Items from a data source:
___

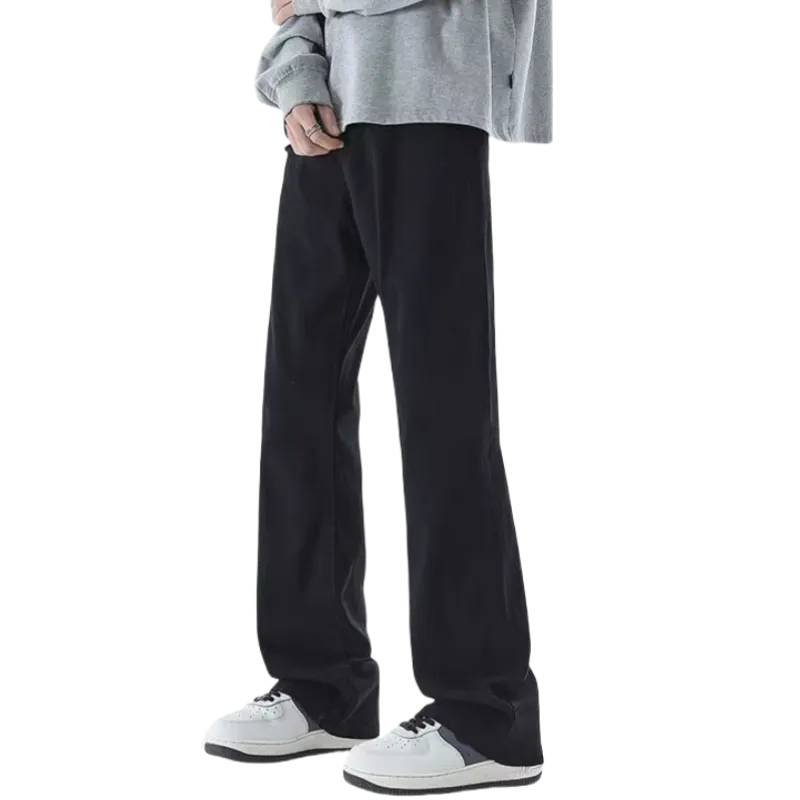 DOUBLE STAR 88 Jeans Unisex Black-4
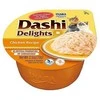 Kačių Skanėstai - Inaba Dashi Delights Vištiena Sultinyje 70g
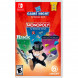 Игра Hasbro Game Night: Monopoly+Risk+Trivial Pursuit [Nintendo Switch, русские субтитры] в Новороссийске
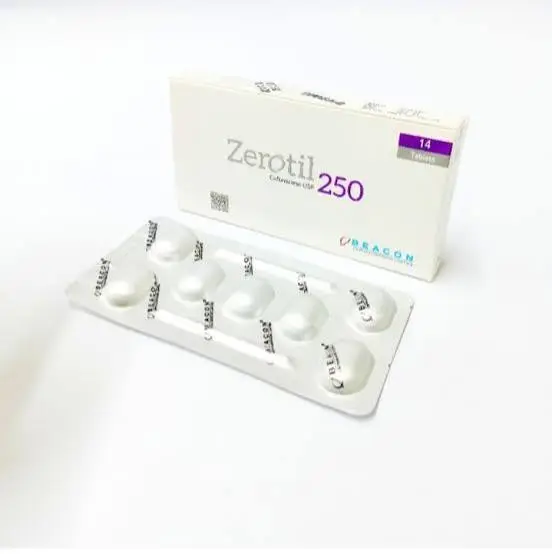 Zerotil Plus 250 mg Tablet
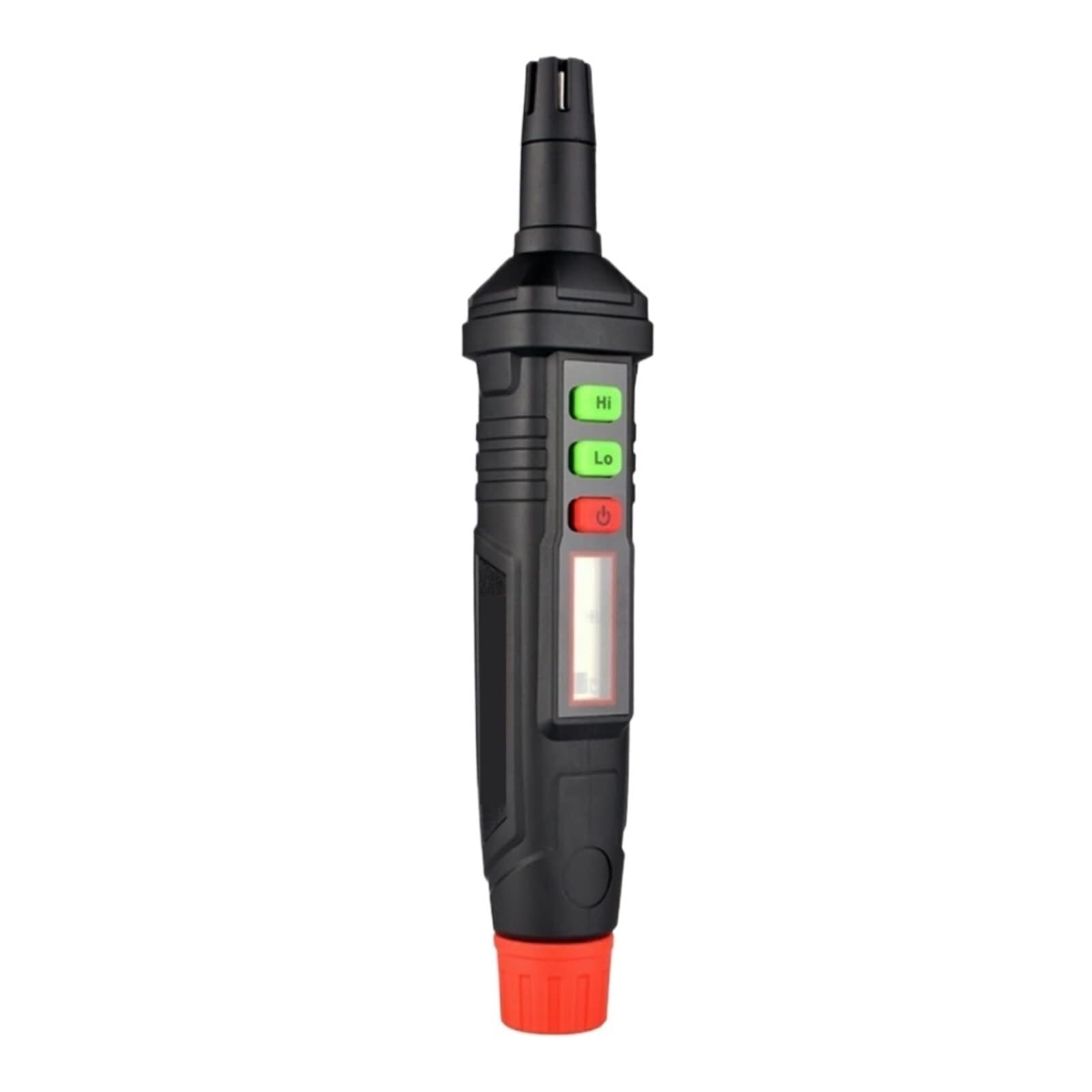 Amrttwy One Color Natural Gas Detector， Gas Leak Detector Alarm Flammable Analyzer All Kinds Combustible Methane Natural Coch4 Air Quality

___

Activity:
Please output every record above exactly. Leave the pictures out.

Task answer:
 DOUBLE STAR 88 Jeans Unisex Black-4
 Kačių Skanėstai - Inaba Dashi Delights Vištiena Sultinyje 70g
 Игра Hasbro Game Night: Monopoly+Risk+Trivial Pursuit [Nintendo Switch, русские субтитры] в Новороссийске
 Zerotil Plus 250 mg Tablet
 Amrttwy One Color Natural Gas Detector， Gas Leak Detector Alarm Flammable Analyzer All Kinds Combustible Methane Natural Coch4 Air Quality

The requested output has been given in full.